## Input data

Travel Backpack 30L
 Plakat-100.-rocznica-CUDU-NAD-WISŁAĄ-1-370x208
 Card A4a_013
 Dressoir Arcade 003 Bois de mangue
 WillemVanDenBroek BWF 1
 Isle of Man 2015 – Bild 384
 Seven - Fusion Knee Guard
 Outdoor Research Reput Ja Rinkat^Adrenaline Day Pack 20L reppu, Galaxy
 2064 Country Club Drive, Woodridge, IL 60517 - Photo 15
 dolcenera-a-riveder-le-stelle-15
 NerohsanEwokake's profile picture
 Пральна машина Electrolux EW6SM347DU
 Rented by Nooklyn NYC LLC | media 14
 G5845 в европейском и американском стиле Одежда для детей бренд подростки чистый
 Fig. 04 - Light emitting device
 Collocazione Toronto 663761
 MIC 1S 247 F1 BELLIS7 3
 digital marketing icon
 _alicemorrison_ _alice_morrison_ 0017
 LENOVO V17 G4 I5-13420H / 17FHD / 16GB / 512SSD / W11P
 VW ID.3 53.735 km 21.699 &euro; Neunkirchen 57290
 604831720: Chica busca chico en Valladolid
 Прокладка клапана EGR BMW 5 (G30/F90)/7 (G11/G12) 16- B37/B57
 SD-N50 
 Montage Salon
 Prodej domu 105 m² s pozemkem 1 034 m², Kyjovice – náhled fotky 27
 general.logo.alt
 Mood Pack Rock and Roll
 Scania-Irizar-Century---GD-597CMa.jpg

## Task to carry out
Among the entries above, the line containing "Plakat-100.-ro", the line containing "Прокладка клапана EGR", and all lines between them are to be restated word for word; nothing else belongs in the reply.

## Result of the exercise
 Plakat-100.-rocznica-CUDU-NAD-WISŁAĄ-1-370x208
 Card A4a_013
 Dressoir Arcade 003 Bois de mangue
 WillemVanDenBroek BWF 1
 Isle of Man 2015 – Bild 384
 Seven - Fusion Knee Guard
 Outdoor Research Reput Ja Rinkat^Adrenaline Day Pack 20L reppu, Galaxy
 2064 Country Club Drive, Woodridge, IL 60517 - Photo 15
 dolcenera-a-riveder-le-stelle-15
 NerohsanEwokake's profile picture
 Пральна машина Electrolux EW6SM347DU
 Rented by Nooklyn NYC LLC | media 14
 G5845 в европейском и американском стиле Одежда для детей бренд подростки чистый
 Fig. 04 - Light emitting device
 Collocazione Toronto 663761
 MIC 1S 247 F1 BELLIS7 3
 digital marketing icon
 _alicemorrison_ _alice_morrison_ 0017
 LENOVO V17 G4 I5-13420H / 17FHD / 16GB / 512SSD / W11P
 VW ID.3 53.735 km 21.699 &euro; Neunkirchen 57290
 604831720: Chica busca chico en Valladolid
 Прокладка клапана EGR BMW 5 (G30/F90)/7 (G11/G12) 16- B37/B57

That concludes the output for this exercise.